Une adaptation qui ne fait pas l’unanimité
Néanmoins, les critiques les plus pertinentes restent en majorité mitigées.
Cette adaptation souffre en effet de profondes lacunes qui tendent à s’accroitre au fil des saisons. Elle a le désavantage de présenter des caricatures 1. de l’artiste sans un rond mais toujours Hype qui se cherche dans un environnement en pleine effervescence culturelle 2. De ce qu’il faut faire pour atteindre un état de plénitude pour pouvoir s’épanouir dans un domaine (Ici, l’art) 3. De l’exploration de son identité sexuelle.
Procédons par étape.
L’éléphant dans la pièce reste les dialogues. Ces derniers sont pauvres qualitativement, redondants et parfois loufoques. Et c’est malheureusement un classique de la plateforme Netflix : les dialogues restent toujours en reste. Durant la deuxième saison, à l’exception du personnage iconique de Mars Blackkkmon, on a l’impression que les scénaristes ont fait fi de la qualité des interactions pour coller à la cohérence de l’histoire… Qui au final semble elle-même négligée.

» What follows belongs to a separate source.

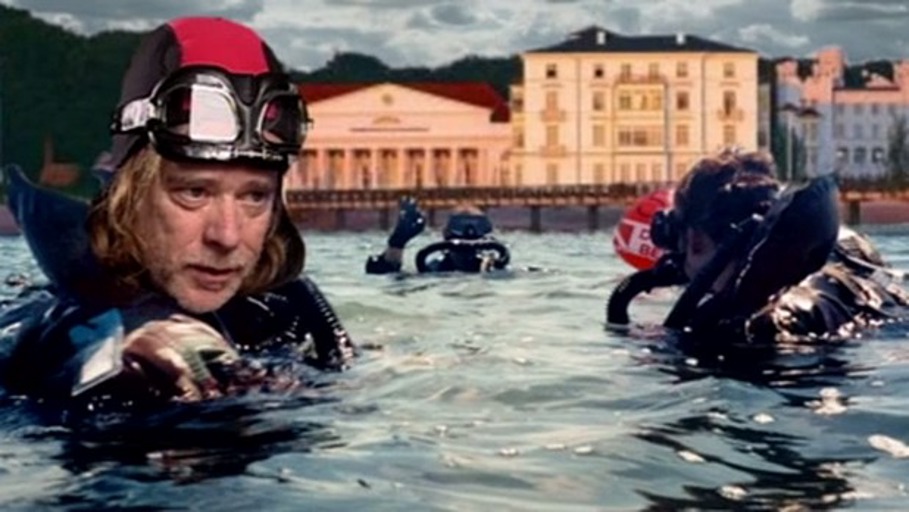 Helge Schneider als Kampfschwimmer vor Heiligendamm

Plus dommageable, plusieurs polémiques ont visé les conceptions de la communauté noire circulant dans cette série. Par exemple, dans un dialogue avec un artiste afro-britannique, Nola indique que les acteurs noirs anglais auraient « le syndrome de Stockholm » à savoir qu’ils seraient tombés amoureux de leurs oppresseurs… pas comme les acteurs afro-américains. Présenté dans une scène où le personnage principal apparait particulièrement arrogant, cette discussion aurait pu être intéressante mais a été amenée de façon trop brutale et a agacé les spectateurs. Et il ne s’agit que d’un exemple parmi d’autres. On a l’impression que les scénaristes ont tellement souhaité donner à Nola une image de femme forte, qu’en contrecoup, elle en ressort égocentrique, égoïste et, surtout, chiante.

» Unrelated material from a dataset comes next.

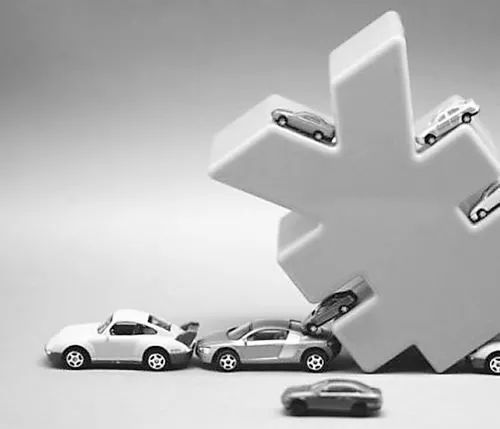 透析汽車金融公司井噴的背后 行業隱憂漸顯，亟待規范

Loin d’être une version à 360 degrés du film, cette série apparait comme une adaptation fainéante qui tentent de se greffer sur une période qui ne lui correspond pas. Au-delà du fait de mettre en tête d’affiche une femme « indépendante » – selon nos critères occidentaux- et de s’émouvoir des références culturelles (trop) abondantes, les efforts scénaristiques sont limités. Découvrir l‘univers de Lee c’est accepter d’entrer dans un cinéma dont on ne maitrise pas nécessairement les codes et de se laisser bercer. On se laisse ici facilement bercer par l’amour de Lee pour Brooklyn… Un amour qu’on constate déjà depuis 30 ans. On en attendait plus.